AtlasOfLivingAustralia / data-management

Data management issue tracking
7 stars 0 forks source link

ReInterpretation of BASE data dr10487 #994

Closed peggynewman closed 6 months ago

peggynewman commented 7 months ago

the BASE dataset, dr10487, is an eDNA dataset, but somehow the Environmental DNA contentType field is missing from the data. I've added it now to the collectory. Please rerun the interpretation and index for dr10487 such that it picks up the change in collectory and creates a content type field in the data. Then it will be excluded correctly by the data quality profiles.

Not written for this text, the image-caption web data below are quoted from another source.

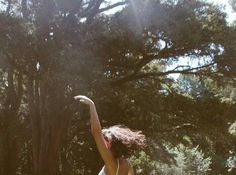 a woman is throwing a frisbee in the air with her arms outstretched to catch it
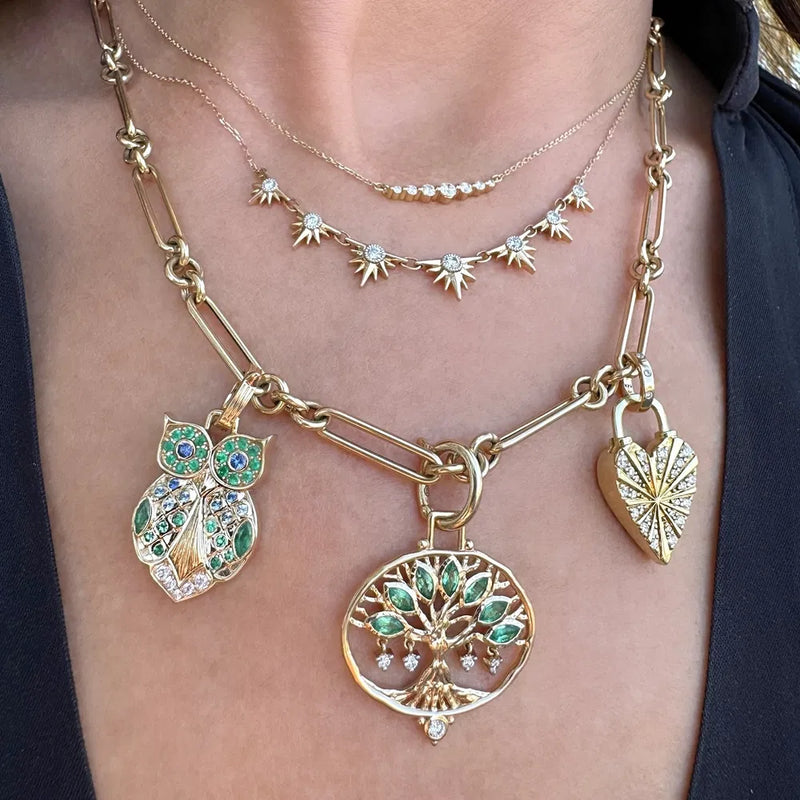 A close-up of a woman's neck adorned with 14K gold jewelry, featuring layered necklaces: star charm chain, chunky owl chain, Three Stories Jewelry's Large Open Tree Of Life Pendant with green leaves, and a heart-shaped pendant.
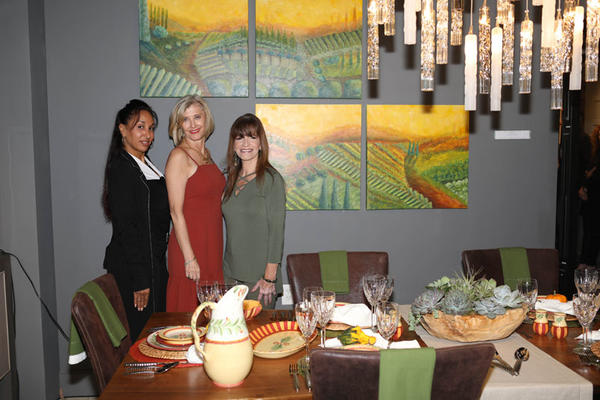 Designer Julie Schuster (center) with design associate Maggie Vergara and artist Debbie Viola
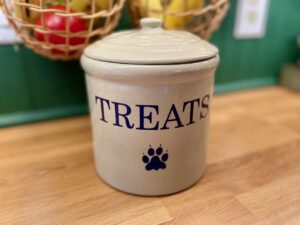 a red wing pottery dog treat jar on a counter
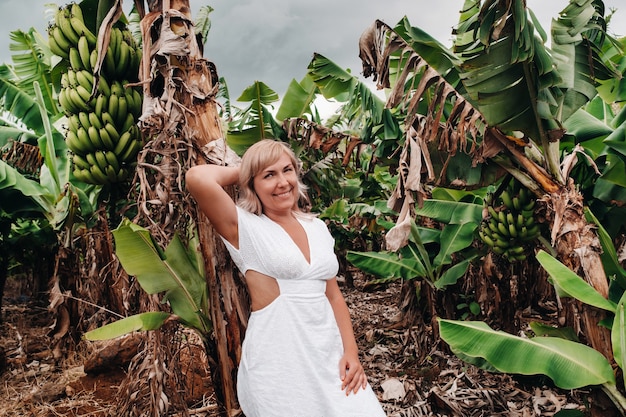 A girl on a banana plantation on the island of Mauritius, a Banana farm on a tropical island, a Girl in a white dress on a plantation in Africa.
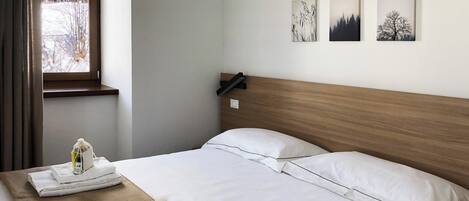 A hotel room with two beds, a window with a view of trees, and three wall-mounted pictures.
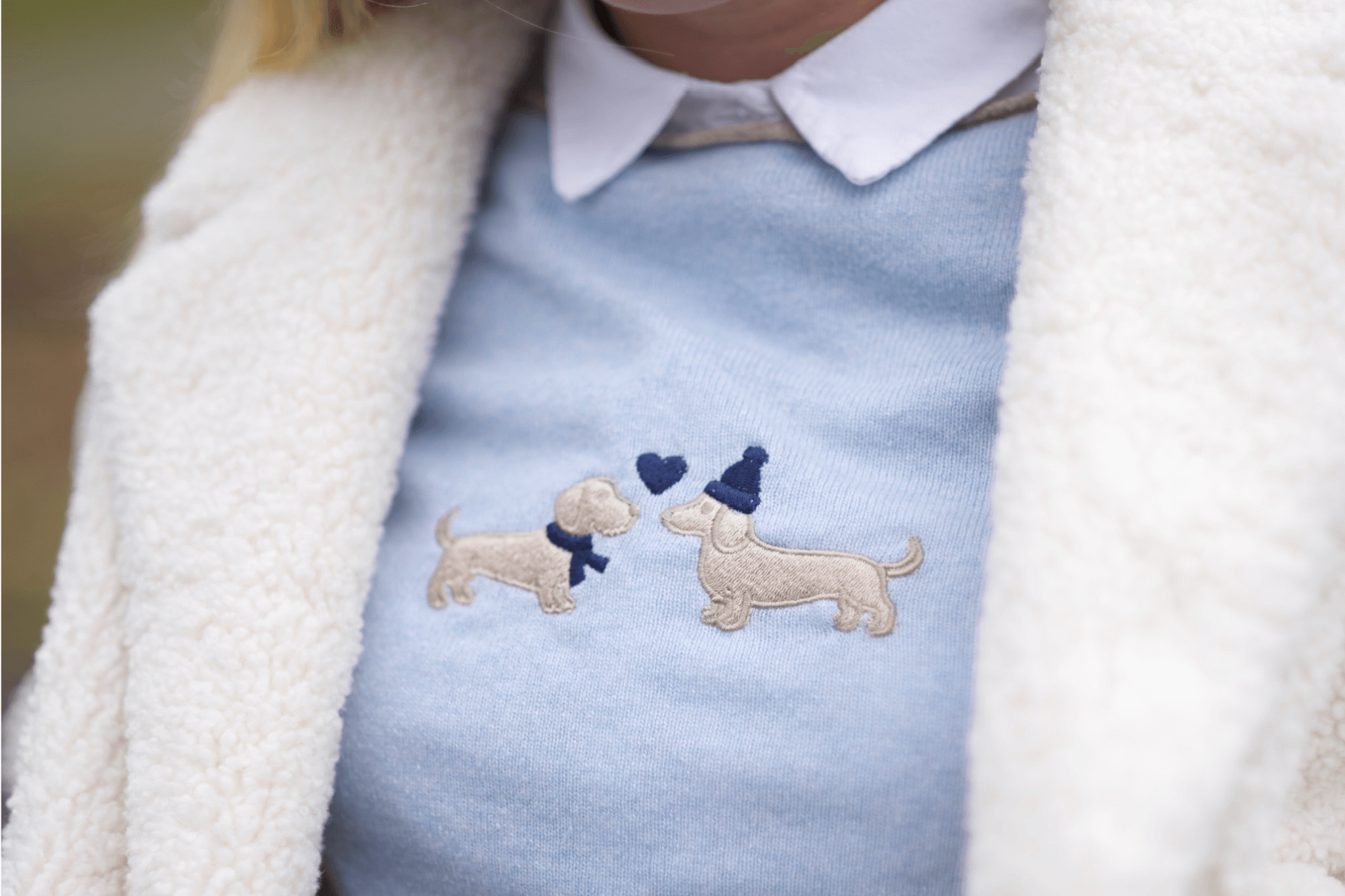 Detailaufnahme der Bestickung auf Gretas Dackelpullover in Hellblau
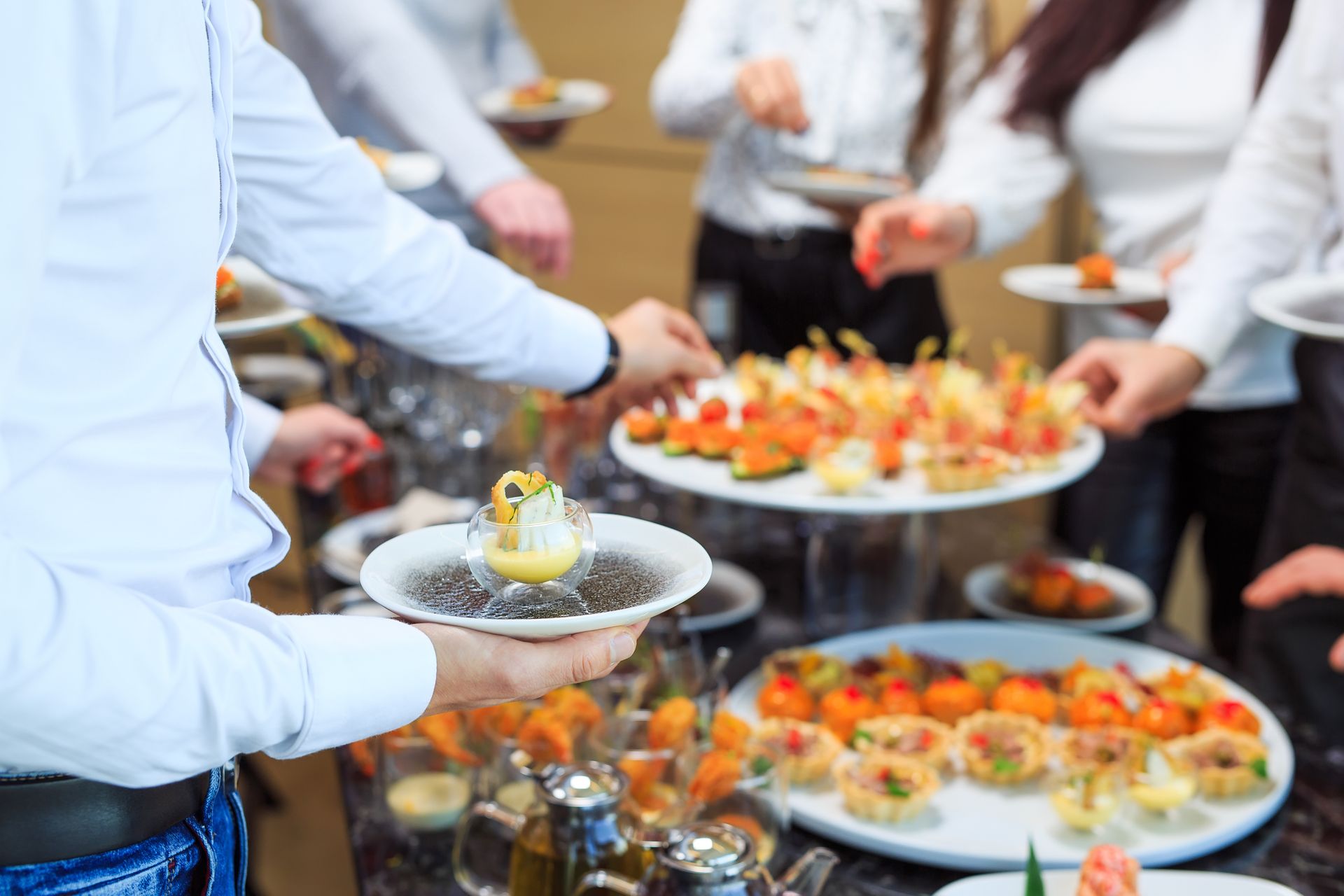 People serving appetizers at a catering buffet with trays of colorful finger foods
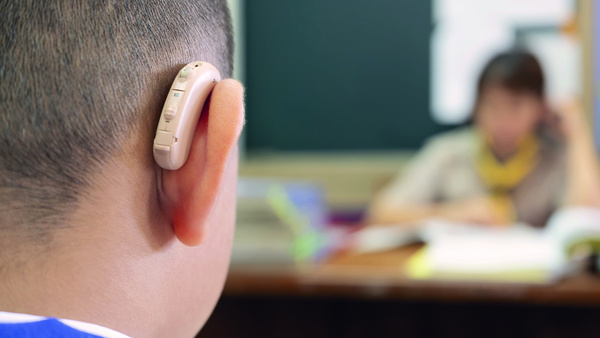 Dargestellt ist ein Schüler mit Hörgerät im Klassenzimmer.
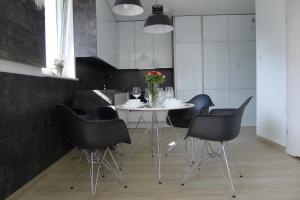 a dining room with a white table and black chairs at Impresja 42 Apartament z garażem in Kołobrzeg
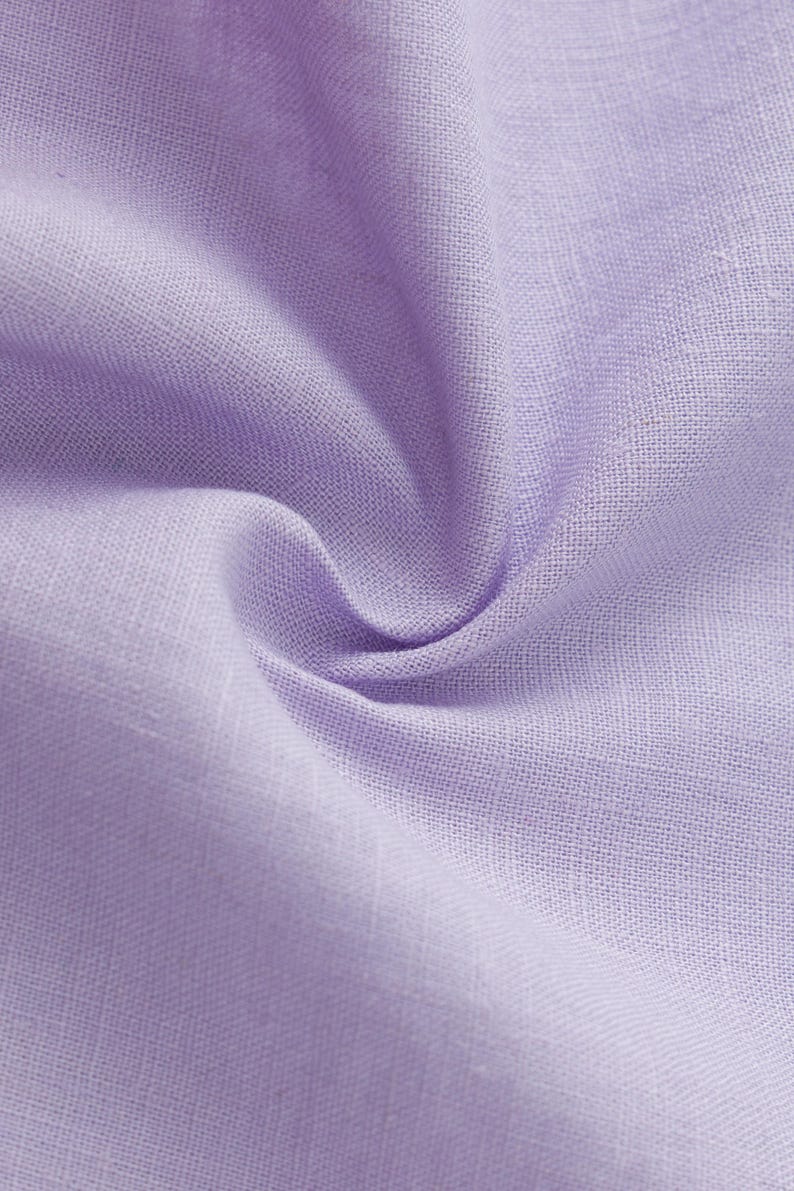 May include: A close-up view of light purple fabric with a visible woven texture. The material is gathered in the center, creating soft folds and shadows that highlight the consistent lavender hue and the natural weave of the textile fibers.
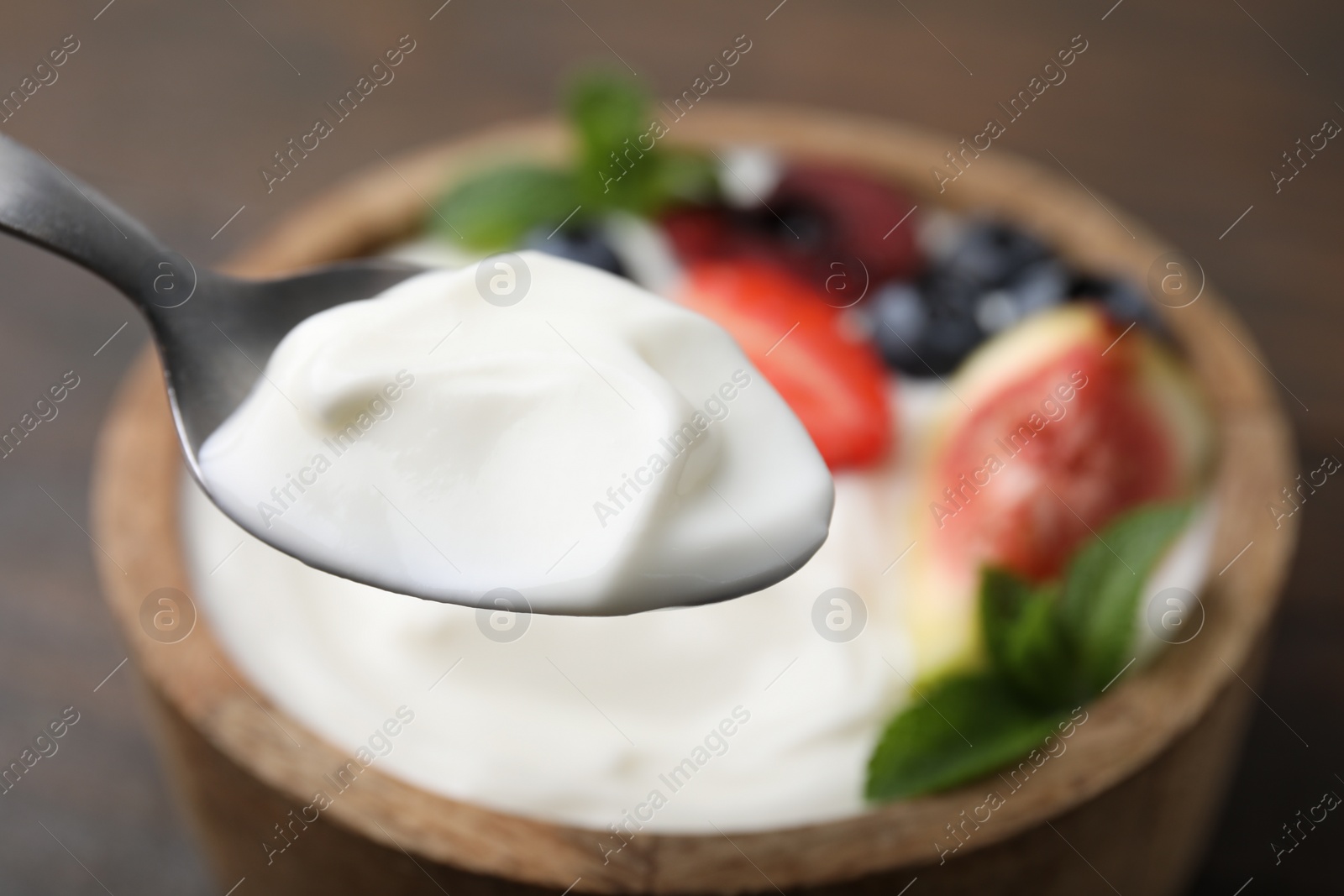 Photo of Spoon with tasty yogurt above bowl on table, closeup. Space for text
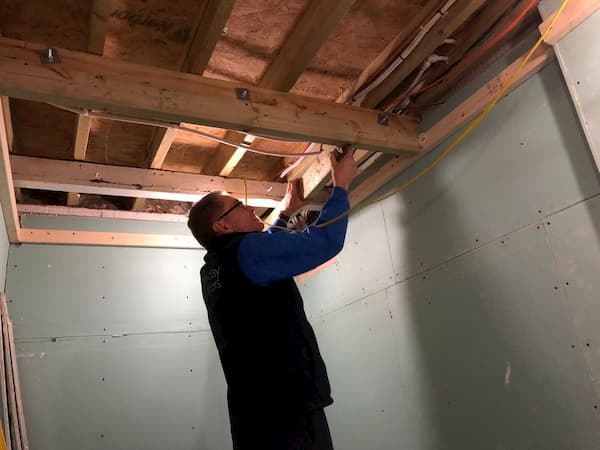 Trevor fixing one of the beams in The Coldroom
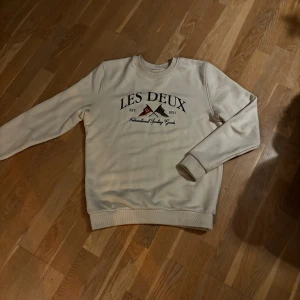 Beige sweatshirt från Les Deux - Säljer en beige sweatshirt från Les Deux med tryck framtill. Tröjan har rund hals, ribbade muddar och är långärmad. Perfekt för dig som gillar stilrena och bekväma plagg med snygg logga på bröstet. Storlek 164 men passar både M och S utan problem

cha801p commented 6 months ago

Ticket Update: December 11, 2023 (3:30 PM)

Problem: ReInterpretation of BASE data dr10487

Solution: Successful ReInterpretation of dr10487

Actions Taken: Data was reinterpreted (Ran Ingest_large_datasets DAG with "skip_dwca_to_verbatim": "true")

Logs: Collectory Change: Content types: Environmental DNA Record count: 1,024,190 records(https://biocache.ala.org.au/occurrences/search?q=data_resource_uid:dr10487) UUID Log: 23/12/11 04:50:15 INFO ALAUUIDMintingPipeline: newUuids: 0.0, preservedUuids: 1024190.0, orphanedUniqueKeys: 0.0

Verify:

cha801p commented 6 months ago

Ticket Update: December 14, 2023 (3 PM)

Problem: ReInterpretation of BASE data dr10487

Solution: Successful ReInterpretation of dr10487

Actions Taken:

Possible Solution:

Status: Work Pending

peggynewman commented 6 months ago

This might be a problem with the DQ filters. I've created a ticket on the systems team board. https://github.com/orgs/AtlasOfLivingAustralia/projects/15/views/15?pane=issue&itemId=47637256

I'm going to close this now. The contentTypes are there in SOLR.